Retronauts in a podcast discussing Street Fighter III stated that while they were initially quite pleased to see a Brazilian person of color in Sean, but due to the nature of New Generations development they observed he was a mishmash of attacks from Ryu and Ken, an aspect they felt played into his role as a "handicap" character. At the same time however they argued that his lack of a proper projectile compared to Ryu and Ken seemed to indicate an interesting experiment on the part of the development team, giving players a short-range version of those characters that would have to rely on more basic attacks for damage. They further saw this as an underlying problem with Street Fighter III as a whole and felt it was the developers "not respecting the player", instead giving them experimental and half-formed characters that broke their own established rules. In this sense they felt that while Sean was "the sweetest looking character", playing as him was a miserable experience.

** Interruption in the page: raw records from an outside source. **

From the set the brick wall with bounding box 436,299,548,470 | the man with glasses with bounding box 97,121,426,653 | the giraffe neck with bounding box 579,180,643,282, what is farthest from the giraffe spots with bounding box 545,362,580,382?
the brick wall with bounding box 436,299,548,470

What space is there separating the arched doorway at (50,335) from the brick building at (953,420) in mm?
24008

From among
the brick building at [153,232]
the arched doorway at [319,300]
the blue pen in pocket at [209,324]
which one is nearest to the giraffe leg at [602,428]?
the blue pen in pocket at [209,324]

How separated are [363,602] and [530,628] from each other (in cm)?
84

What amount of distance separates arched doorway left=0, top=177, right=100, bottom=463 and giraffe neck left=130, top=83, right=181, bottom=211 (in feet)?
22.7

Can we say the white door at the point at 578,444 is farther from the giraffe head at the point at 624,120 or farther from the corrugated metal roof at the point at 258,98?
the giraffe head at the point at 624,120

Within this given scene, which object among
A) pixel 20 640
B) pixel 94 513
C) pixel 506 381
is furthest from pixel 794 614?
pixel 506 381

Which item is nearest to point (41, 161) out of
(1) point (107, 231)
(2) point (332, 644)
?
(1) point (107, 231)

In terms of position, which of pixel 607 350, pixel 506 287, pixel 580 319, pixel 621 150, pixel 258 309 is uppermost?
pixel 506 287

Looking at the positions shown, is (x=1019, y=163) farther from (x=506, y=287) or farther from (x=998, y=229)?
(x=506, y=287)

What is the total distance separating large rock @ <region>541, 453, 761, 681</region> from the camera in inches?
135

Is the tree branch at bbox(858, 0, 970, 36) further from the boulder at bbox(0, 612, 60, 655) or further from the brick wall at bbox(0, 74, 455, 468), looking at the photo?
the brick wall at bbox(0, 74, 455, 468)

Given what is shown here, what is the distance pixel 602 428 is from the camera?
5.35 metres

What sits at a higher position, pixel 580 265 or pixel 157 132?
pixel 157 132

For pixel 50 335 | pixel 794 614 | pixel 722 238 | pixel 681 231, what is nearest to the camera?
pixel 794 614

Sean's characterization was also examined in a paper discussing Brazilian characters in the Street Fighter series by Federal University of Santa Maria professors Rafael Arrivabene and Richard Perassi along with postgraduate student José Roberto Cordeiro. In it they observed that while he was defined as Brazilian, he was portrayed as American through the imagery of his red white and blue basketball in both its color and how the sport is reflected as a part of American culture. His fighting style was also shown as exaggerated, comical and incomplete, however his in-game dialogue illustrated him as someone driven and youthful, in this way symbolizing Brasil Moleque culture. In addition some aspects of his fighting style, such as his use of a headbutt, allude to Vale Tudo, a fighting style iconic to Brazil. They further argued that his talent and dedication coupled with his youthful demeanor helped reflect the state of Brazil in the 1990's as a developing culture, and was overall a positive depiction of Brazilians.

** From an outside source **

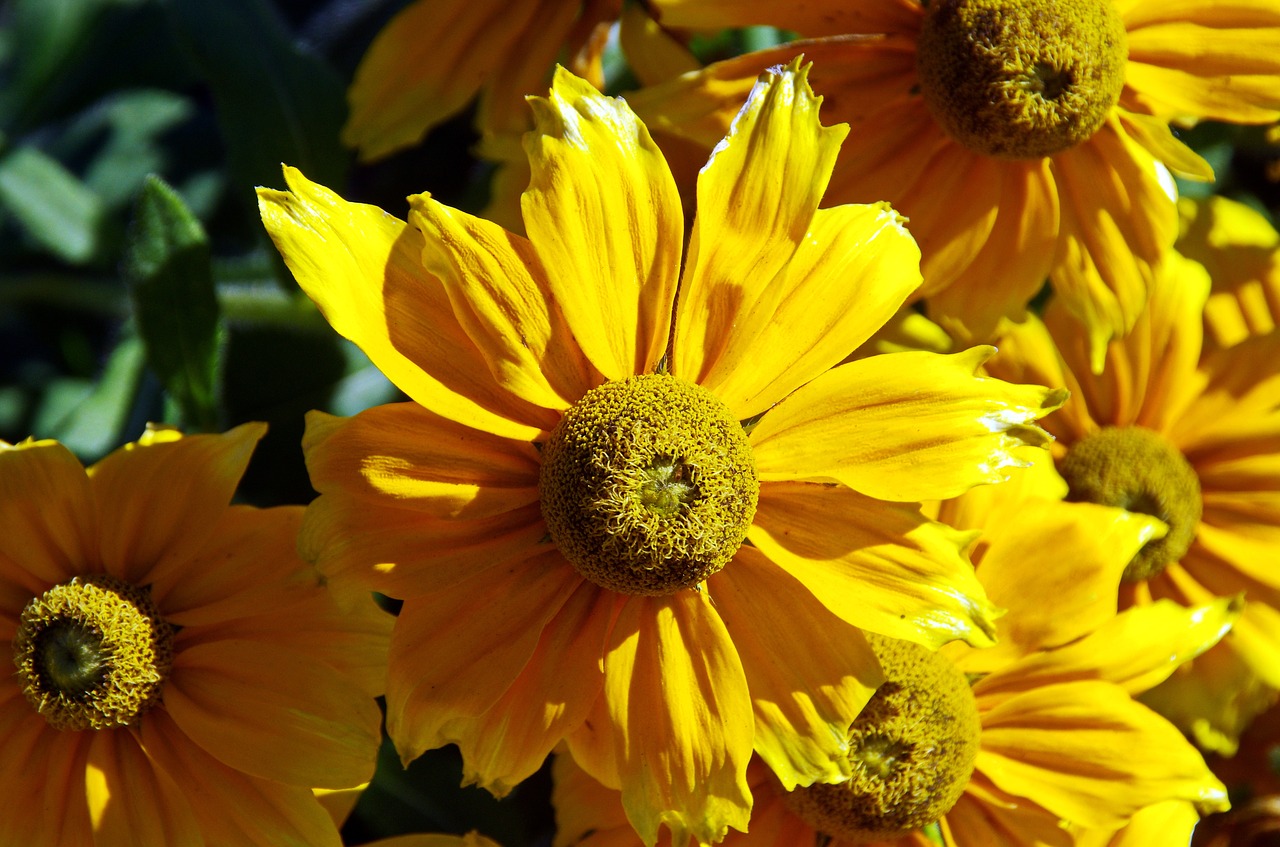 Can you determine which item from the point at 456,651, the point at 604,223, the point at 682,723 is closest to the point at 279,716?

The symbolism of Sean's fighting stages and implications on Brazilian culture have also been discussed. In the journal Tecendo Sentidos published by the University of São Paulo, contributing author André de Oliveira Matumoto argued that Sean's stage in New Generation taking place in New York city acted as an erasure of his Brazilian identity. Elaborating, he drew comparison to the character Oro, another Brazilian fighter in the game and a hermit whose stage was illustrated as being in the cave system of Brazil itself, and how it presented America as a place where Sean could pursue his dreams fully in comparison to the exoticized Brazil. In contrast he felt this aspect diminished as the series progressed, with both characters now located in Brazil but illustrating different aspects of who they are as fighters: the sun rising on Sean's stage to represent his role as a pupil, while setting on Oro's to represent his search for an apprentice.

Bruno Costa Guimarães, in his own analysis for the journal Revista Geografia, felt that Sean instead represented another aspect of Brazilian life: the thriving metropolis and the verticallity of the country. This was furthered by his "typical" appearance in contrast to Oro, and the representation of Brazilian cultural aspects such as soccer.